Wederom ontwaakten in hem roomsche neigingen; in 1678 vroeg hij ‘dimissie van sijn dienst’; hij was reeds uit Breda vertrokken naar Gent. Uit eenige brieven was hierop den kerkeraad van Breda gebleken, dat hij feitelijk roomsch geworden was. Jaren lang was zijne zaak aanhangig bij de zuidhollandsche synoden (tot 1683), die standvastig bleven weigeren, hem weer tot het predikambt toe te laten.
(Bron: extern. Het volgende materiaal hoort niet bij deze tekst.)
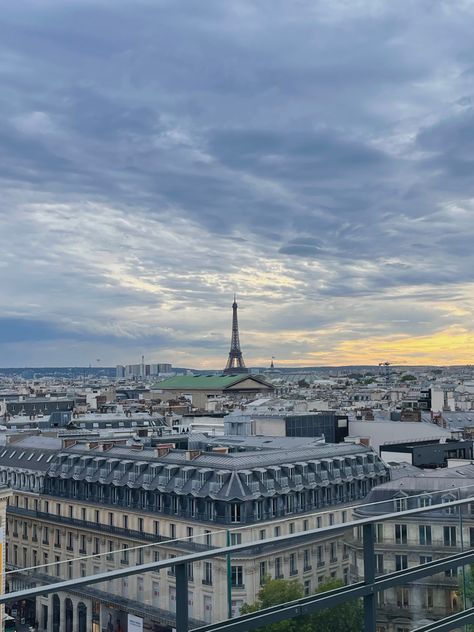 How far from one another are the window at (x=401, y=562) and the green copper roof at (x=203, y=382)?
497ft

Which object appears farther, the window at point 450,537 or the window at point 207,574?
the window at point 450,537

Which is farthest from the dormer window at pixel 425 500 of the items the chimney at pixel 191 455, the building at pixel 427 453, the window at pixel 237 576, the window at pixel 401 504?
the building at pixel 427 453

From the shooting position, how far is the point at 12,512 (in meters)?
42.3

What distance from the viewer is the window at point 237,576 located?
4605mm

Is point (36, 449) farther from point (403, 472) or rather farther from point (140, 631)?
point (140, 631)

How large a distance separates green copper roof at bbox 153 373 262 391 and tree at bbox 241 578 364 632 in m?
152

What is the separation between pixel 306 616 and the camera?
4793 millimetres

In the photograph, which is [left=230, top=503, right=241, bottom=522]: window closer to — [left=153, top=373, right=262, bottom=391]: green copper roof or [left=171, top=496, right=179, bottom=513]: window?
[left=171, top=496, right=179, bottom=513]: window

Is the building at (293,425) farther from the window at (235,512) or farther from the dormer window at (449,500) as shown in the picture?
the dormer window at (449,500)

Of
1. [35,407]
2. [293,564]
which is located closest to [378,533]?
[293,564]

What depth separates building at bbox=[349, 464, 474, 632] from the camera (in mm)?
5250

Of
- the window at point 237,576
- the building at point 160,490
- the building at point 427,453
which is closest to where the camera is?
the window at point 237,576

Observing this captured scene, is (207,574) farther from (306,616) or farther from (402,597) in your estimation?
(402,597)

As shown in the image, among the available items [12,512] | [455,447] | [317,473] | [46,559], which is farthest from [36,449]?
[455,447] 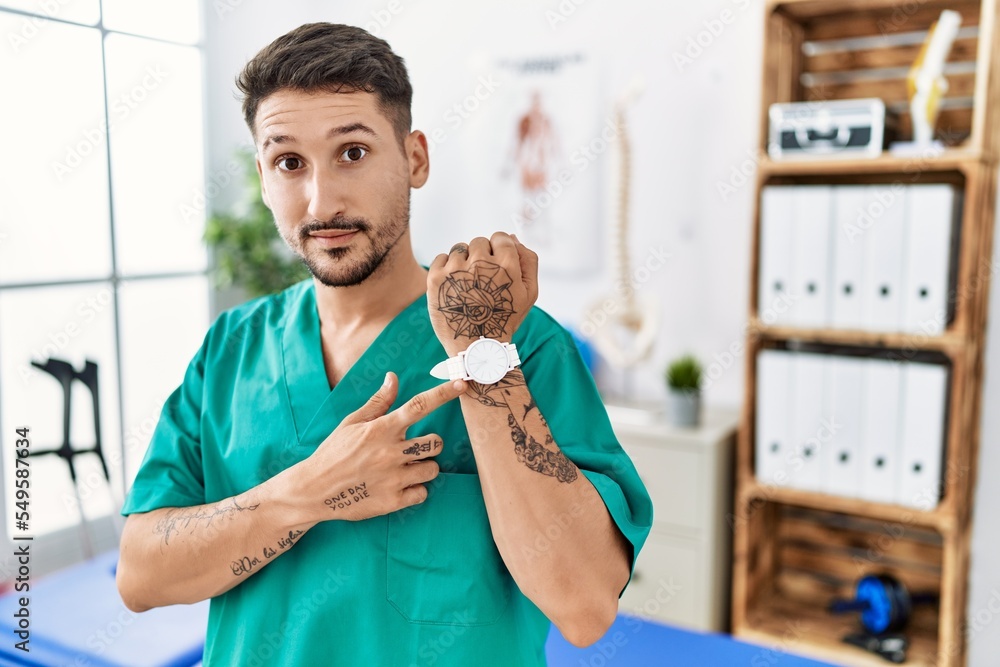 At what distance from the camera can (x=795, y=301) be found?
80.8 inches

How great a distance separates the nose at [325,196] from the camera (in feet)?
2.47

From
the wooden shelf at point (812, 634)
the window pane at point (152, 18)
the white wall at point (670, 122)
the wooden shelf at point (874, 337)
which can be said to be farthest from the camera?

Hij schreef: Op het Erf-Stadhouderampt, den Heere Prince van Orange, en S.H. wettige mannelijke Nasaten door den Heeren Staten van Holland en W. Vr. opgedragen, een Predicatie .... ('s Grav. 1674); Inleiding-Predicatie van de Chr. Synodus van Zuid- Holland binnen Woerden gedaan den 10den Julij 1674 ('s Gravenh. 1674); Lijk-Predicatie op 't Salig Afsterven van .... de Princesse Douariere d' Orange .... gedaan op de groote Saal in Haar Hof den 15 Sept. ('s Gravenh. 1675); Lijk-Predicatie op de Begravenisse van .... de Princesse Douariere d' Orange geschiet den 21sten van Winterm. 1675 .... Hier agter sijn bij gev. de Personalia, afgelesen na de Predicatie, nevens het Gebed, en de Lijkstacy, met een kopere Plaet ('s Gravenh. 1676; vooraan een gedicht van J. Vollenhove); Vreugde-reden op de Krooningdag van Hare Majest. Willem en Maria .... uitgesproken den 21sten April 1689 (Rotterdam 1689).
Zie: Visscher en van Langeraad, Het Protestantsche Vaderland I (1907), 296-299.